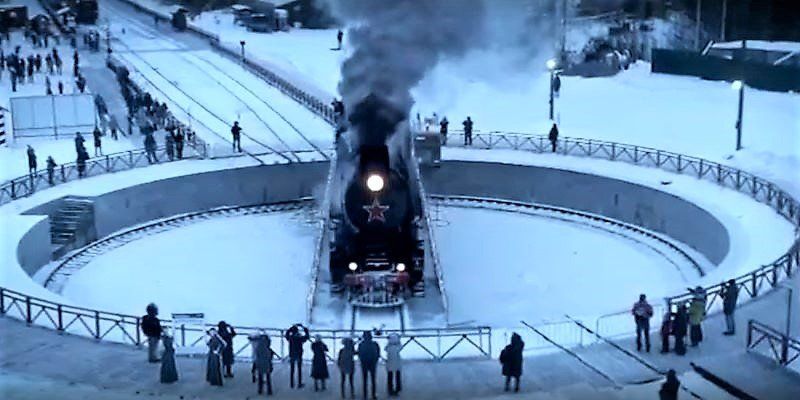 В Рускеала состоялось открытие первого в современной России паровозного круга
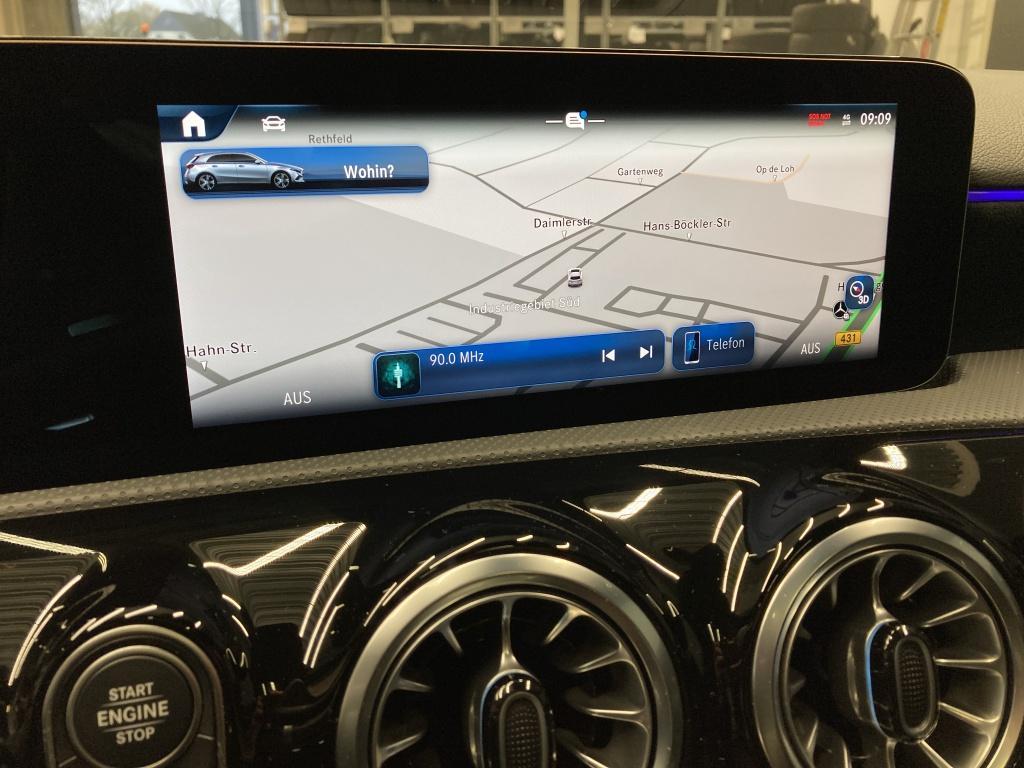 Mercedes-Benz A 200 AMG Line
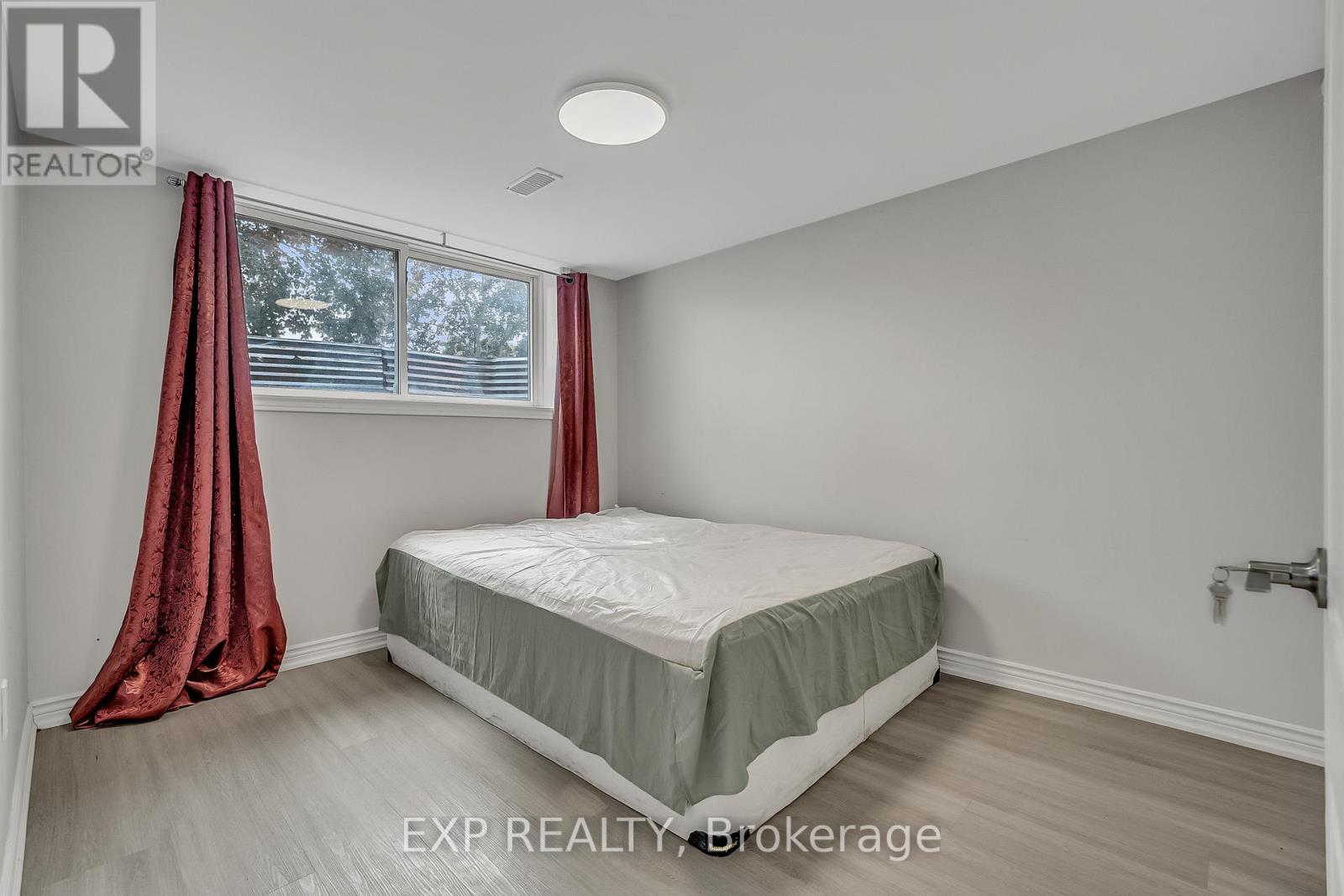 Rm3 - 3 Bankfield Drive, Toronto, Ontario  M9V 2P5 - Photo 8 - W12323241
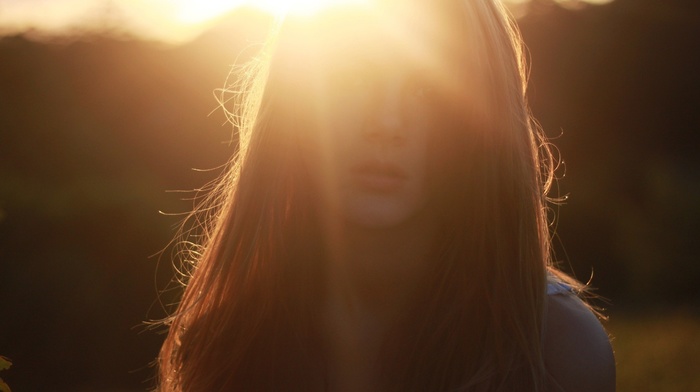 girl outdoors, sunlight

Description of the task: Exclude the pictures and print the rest of the data exactly.

Exercise answer:
 В Рускеала состоялось открытие первого в современной России паровозного круга
 Mercedes-Benz A 200 AMG Line
 Rm3 - 3 Bankfield Drive, Toronto, Ontario  M9V 2P5 - Photo 8 - W12323241
 girl outdoors, sunlight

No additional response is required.